*Data supplied*
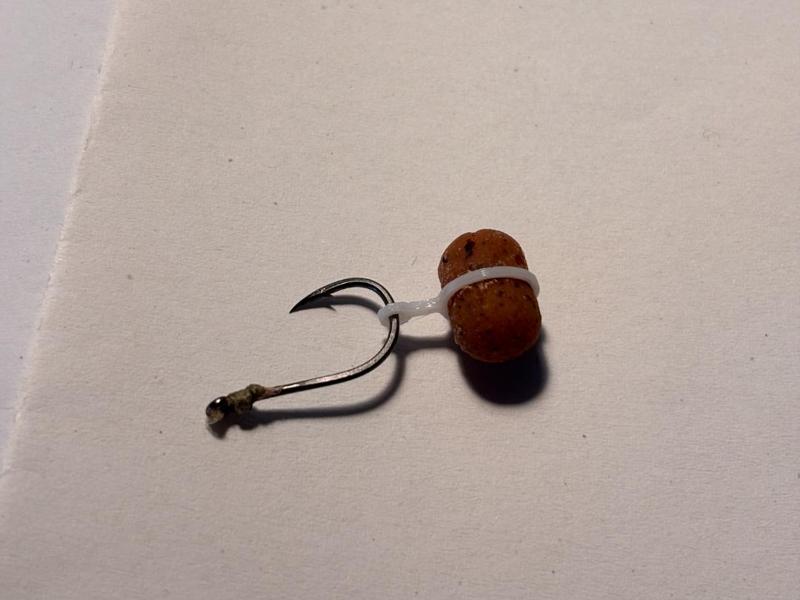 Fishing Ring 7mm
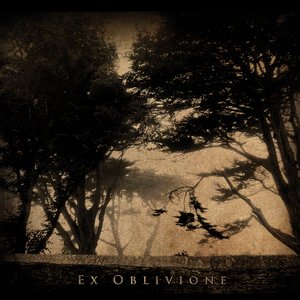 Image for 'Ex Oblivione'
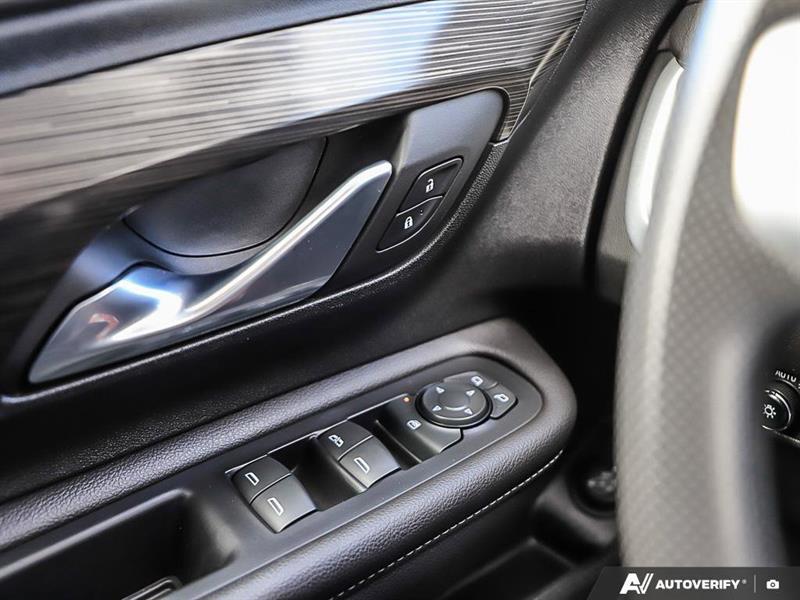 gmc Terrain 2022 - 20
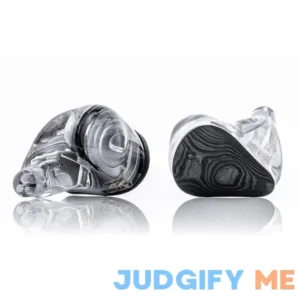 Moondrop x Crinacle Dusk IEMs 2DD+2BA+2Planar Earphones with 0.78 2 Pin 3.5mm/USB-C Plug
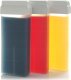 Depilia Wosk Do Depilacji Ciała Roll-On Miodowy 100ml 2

...

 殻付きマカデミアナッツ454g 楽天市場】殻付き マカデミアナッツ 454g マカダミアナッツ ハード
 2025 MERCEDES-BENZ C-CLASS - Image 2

*Exercise requirements*
When you reach the line with "Fishing Ring 7mm" in the records above, begin repeating the lines exactly, and stop after the line with "Depilia Wosk Do". Skip all pictures.

*Problem solution*
 Fishing Ring 7mm
 Image for 'Ex Oblivione'
 gmc Terrain 2022 - 20
 Moondrop x Crinacle Dusk IEMs 2DD+2BA+2Planar Earphones with 0.78 2 Pin 3.5mm/USB-C Plug
 Depilia Wosk Do Depilacji Ciała Roll-On Miodowy 100ml 2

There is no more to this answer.